If you see your sales force regularly going out to the nearby pay-phone with pockets filled with change, or a lot of hot shots seem to be in the hallway on their cellphones, you better act quickly before FINRA does.
Some brokerage and RIA firms are on the hook, literally, for their advisors' telephone conversations — in particular those with a certain number of reps who've previously worked at firms with disciplinary records. These firms have to comply with the so-called Taping Rule, keeping their phone lines under wraps or risking fines and other penalties.
Take Carlton Capital, which had been previously notified by FINRA that it was required to comply with the Taping Rule through 2009. In January of 2009, FINRA fined Carlton Capital $40,000 related to its failure to comply with the Taping Rule, in that it:
- provided certain representatives with access to unrecorded telephone lines;
- allowed representatives to accept customer orders on unrecorded telephone lines when the representatives were out of the office; and
- failed to catalog tape recordings that registered persons had made.
During a later period, the firm installed a new system that recorded telephone calls to the hard drives of the computers on representatives' desks, which was not password protected and was backed up by the firm only once a year, and which allowed representatives to erase recorded telephone calls.

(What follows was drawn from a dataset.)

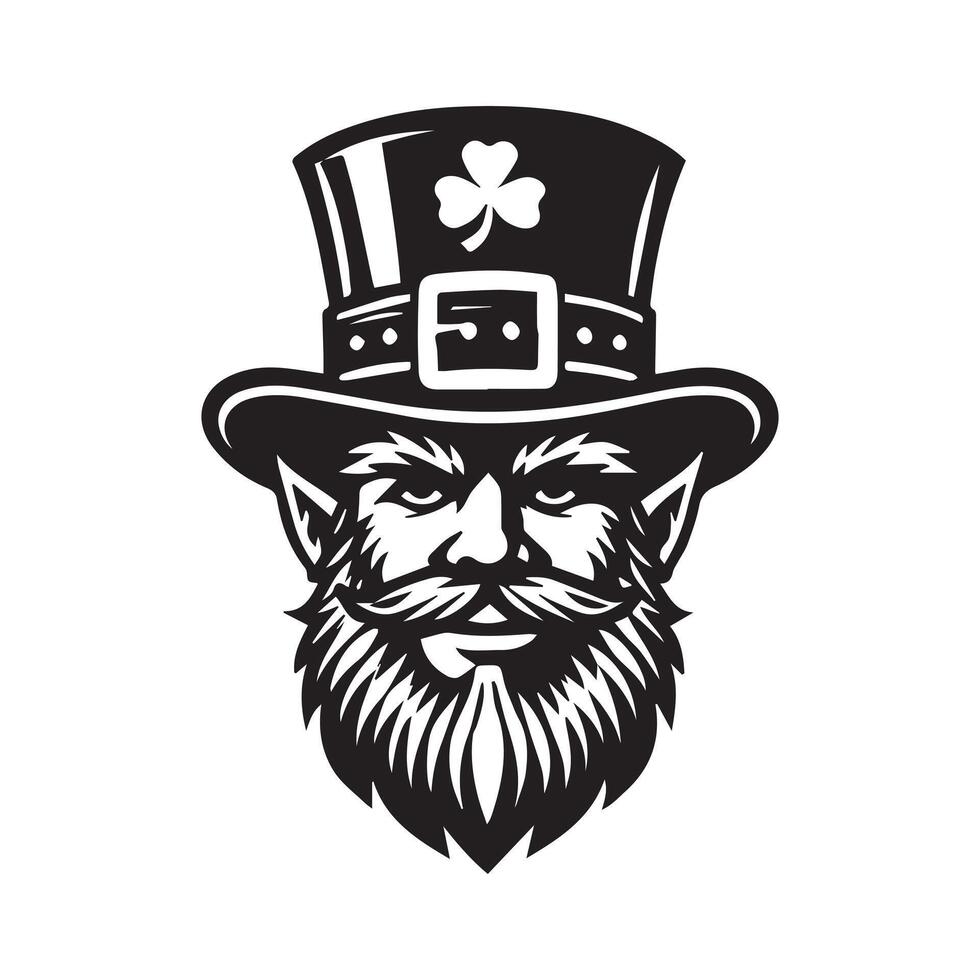 Festive Leprechaun Cheers vector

Carlton, which neither admitted nor denied FINRA's allegations, was required to comply with the Taping Rule for another three years, until February 17, 2012. In addition, it was required to retain an independent consultant to conduct a comprehensive review of its policies, systems, procedures and training related to compliance with the Taping Rule, and to adopt and implement the consultant's recommendations. See, Carlton Capital, Inc. (FINRA #2006003684702/AWC/January 2009).
The Taping Rule
Since 1998 when it first appeared on the books, the Taping Rule has been subject to a number of misconceptions. Let's clarify some basics. FINRA members employing certain numbers or percentages of registered persons who have their own disciplinary histories and have been associated with a disciplined firm in the previous three years, for at least 90 days, must implement a series of supervisory procedures governing the telemarketing activities of their registered persons.

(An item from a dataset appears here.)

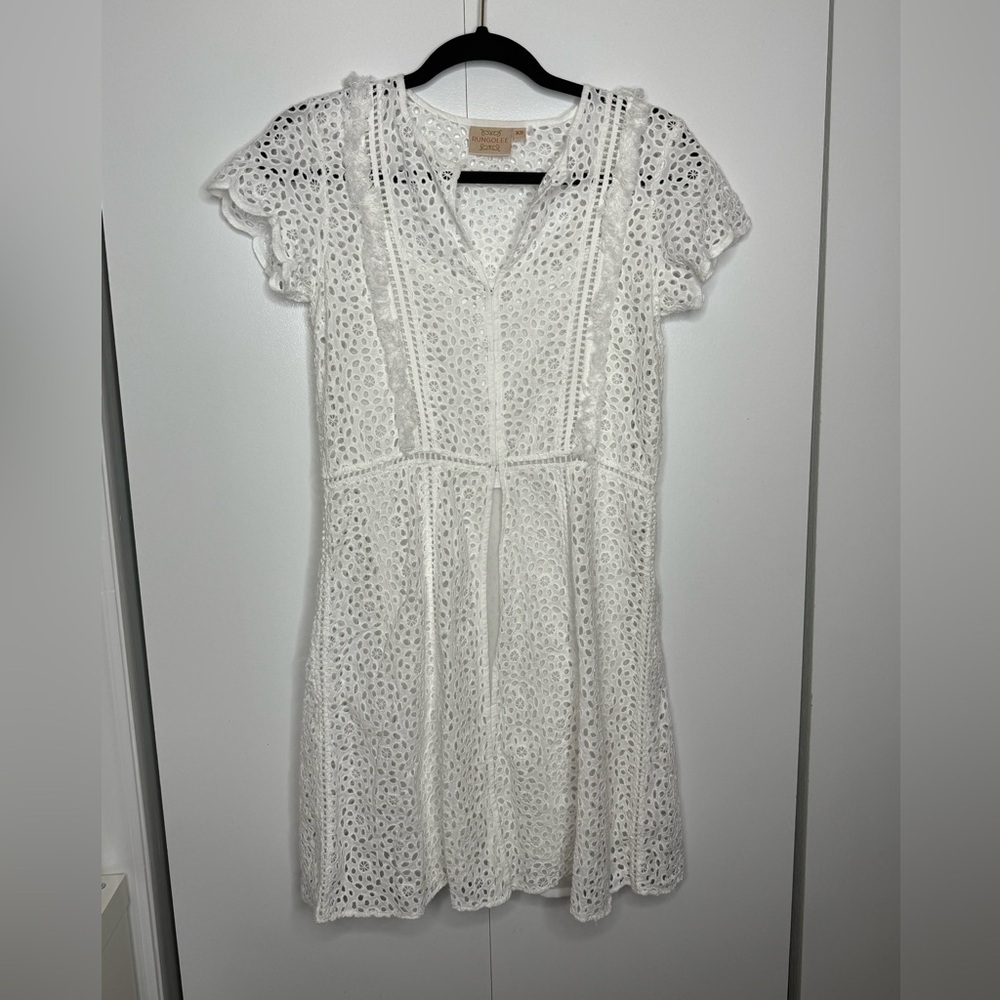 Rungolee - White Lace Dress/tunic overlay XS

Generally, a registered person with a disciplinary record is one who has violated industry rules in the past 5 years. But the definitions of disciplined firms and registered persons are quite detailed, so if you want to know more, check out 3010(b)(2)(J) and (K).
Once a firm is notified by FINRA or has actual knowledge that its staffing composition subjects it to the Taping Rule, the member must implement within 60 days written procedures for supervising the telemarketing activities of all of its registered persons. If the firm has never been subject to the taping criteria before, it has 30 days to reduce the threshold levels provided prompt written notice has been transmitted to FINRA. All telephone conversations between registered persons and both existing and potential customers must be recorded for three years; and those recordings must be reviewed, cataloged according to registered person and date, and retained for not less than three years (the first two years in an easily accessible place).
For the record, I am not a fan of the rule. Not because the rule doesn't make sense — it does. But it has primarily been used against boiler-rooms and penny stock firms, when it should also have been used to punish the fraudulent practices of far larger firms. After all, we measure the harm from boiler-rooms in the millions. This last crop of bad guys at places like Lehman Brothers, Bear Stearns, AIG and Stanford resulted in hundreds of billions of dollars of damage. Seems to me we should have been listening in on a lot more calls over the years.